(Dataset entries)
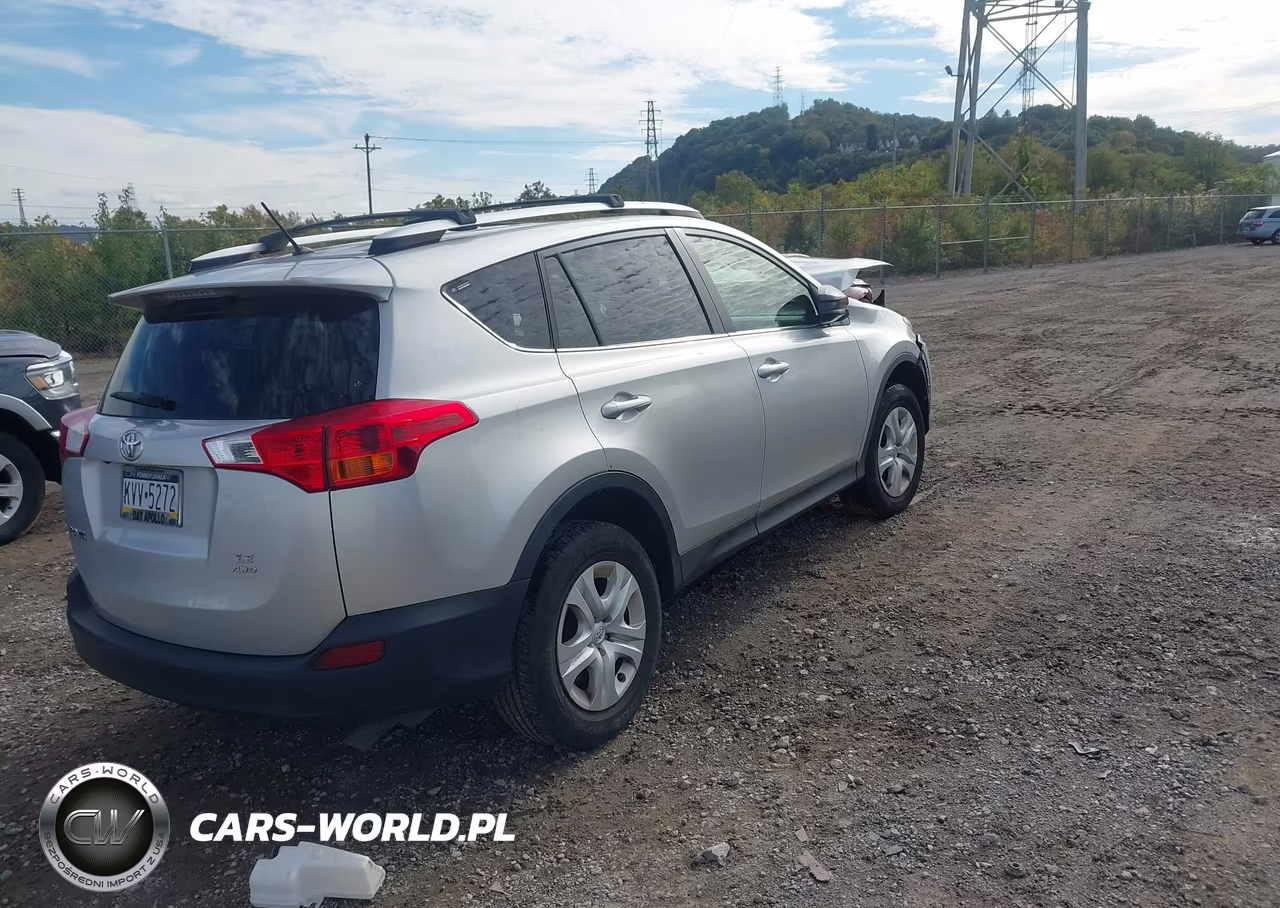 2015 Toyota Rav4 Le VIN:JTMBFREV5FD159114 - 4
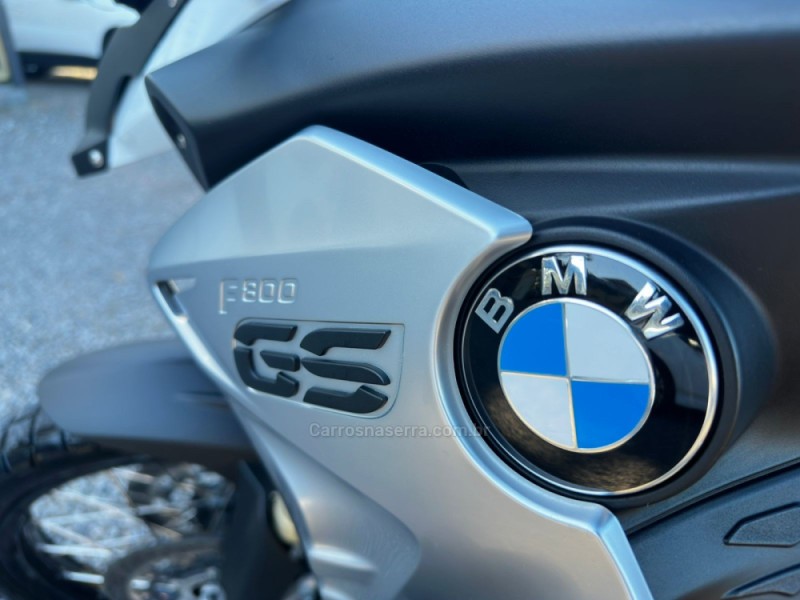 F 800 GS - 2017 - CANELA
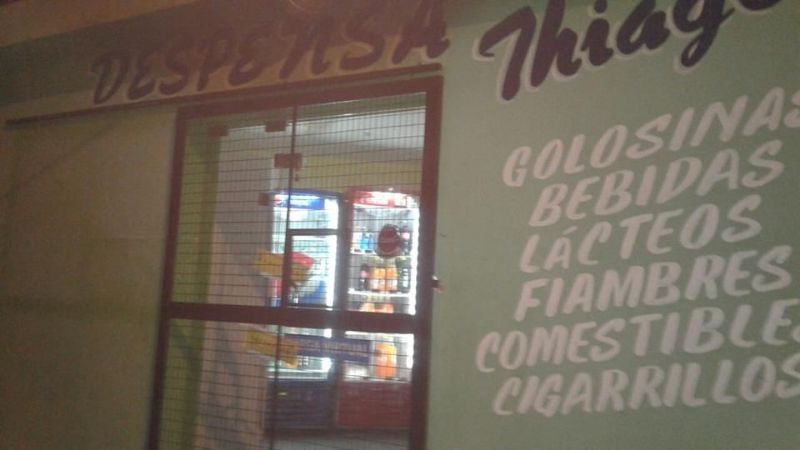 Clausuran kioskos por vender alcohol fuera del horario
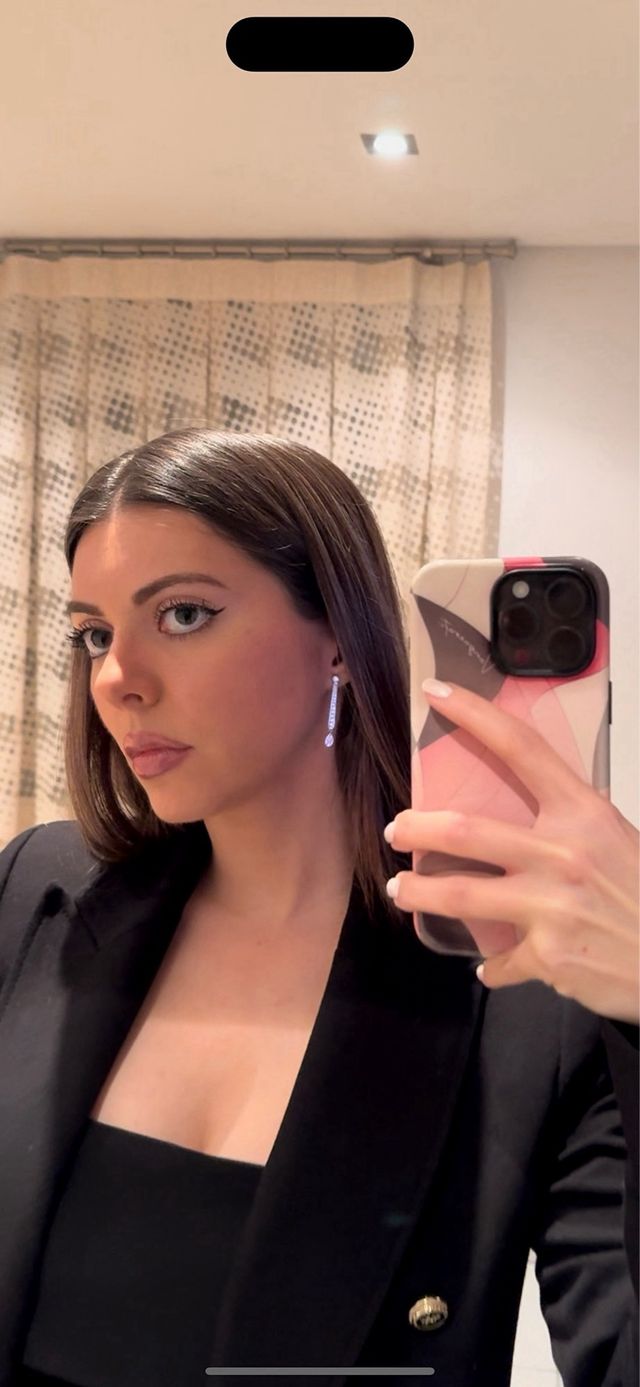 Pendientes largos de oro blanco y 1.15ct diamantes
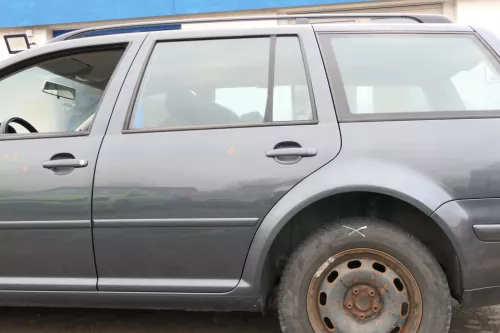 VW Golf 4 Bora Tür hinten links nur Kombi / Variant grau LC7V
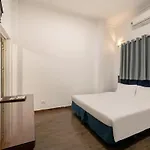 A25 Hotel - Doi Can 1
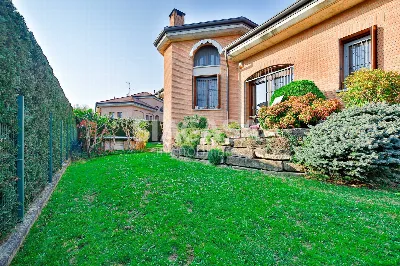 Villa a Bernareggio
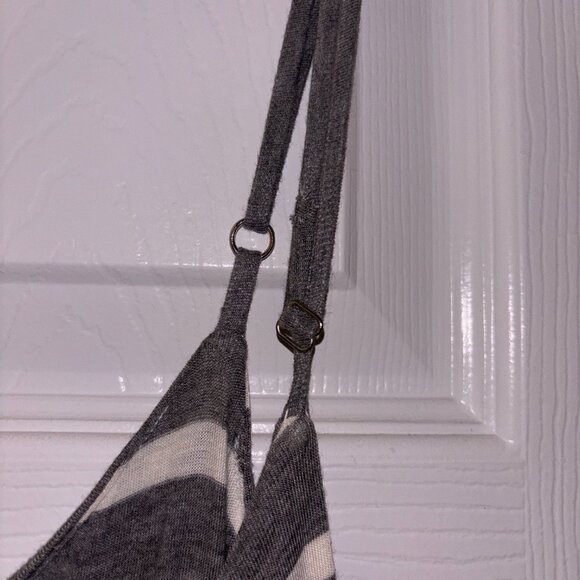 Mossimo Grey/White Striped maxi flounce dress size small - Picture 4 of 5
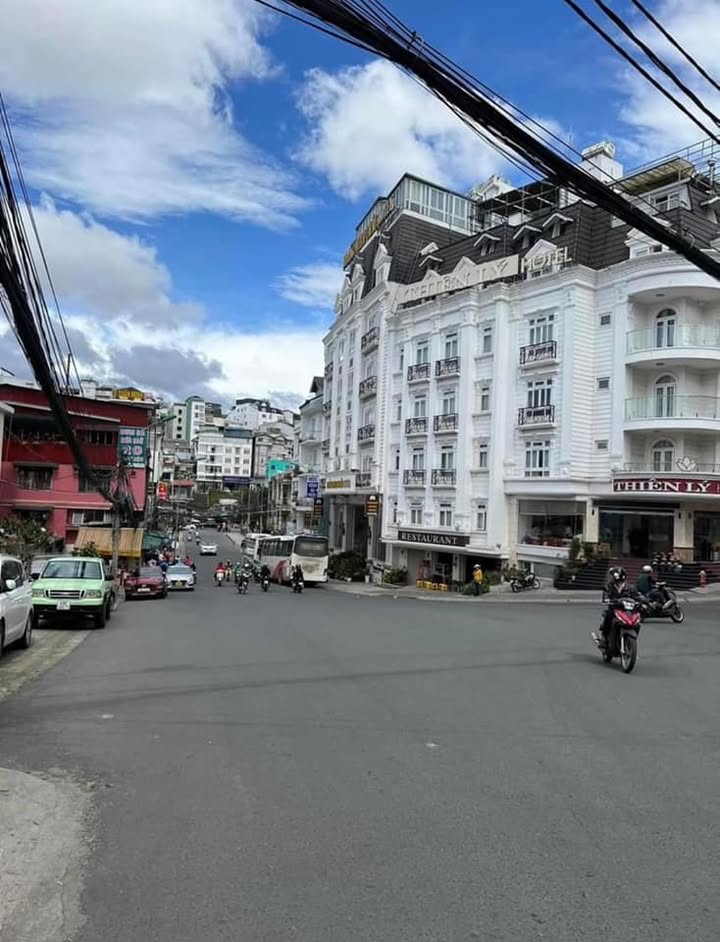 Khách sạn 5 tầng tại Đà Lạt 60m² giá 10.5 tỷ - Kinh doanh ngay lập tức!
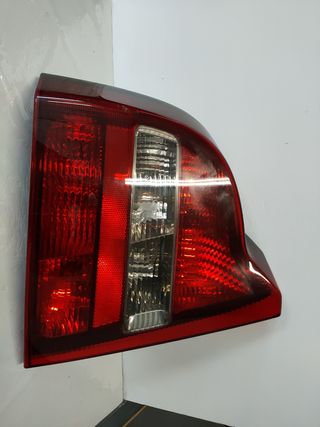 ✅PILOTO TRASERO IZQUIERDO VOLVO S80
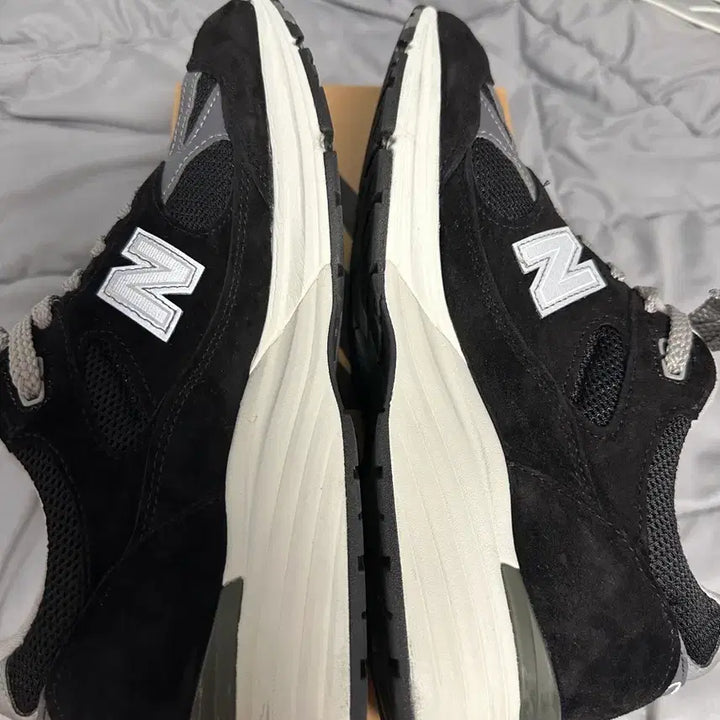 [BUNJANG] New Balance 991v2 Black - 260mm / 뉴발란스 991v2 블랙 260 팝니다.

• _WHAT TO DO_:
Only the lines from the one containing "F 800 GS - 2017 - CANELA" through the last line of the entries above, both included, belong in the answer, written out exactly; pictures do not.

• _TASK OUTPUT_:
 F 800 GS - 2017 - CANELA
 Clausuran kioskos por vender alcohol fuera del horario
 Pendientes largos de oro blanco y 1.15ct diamantes
 VW Golf 4 Bora Tür hinten links nur Kombi / Variant grau LC7V
 A25 Hotel - Doi Can 1
 Villa a Bernareggio
 Mossimo Grey/White Striped maxi flounce dress size small - Picture 4 of 5
 Khách sạn 5 tầng tại Đà Lạt 60m² giá 10.5 tỷ - Kinh doanh ngay lập tức!
 ✅PILOTO TRASERO IZQUIERDO VOLVO S80
 [BUNJANG] New Balance 991v2 Black - 260mm / 뉴발란스 991v2 블랙 260 팝니다.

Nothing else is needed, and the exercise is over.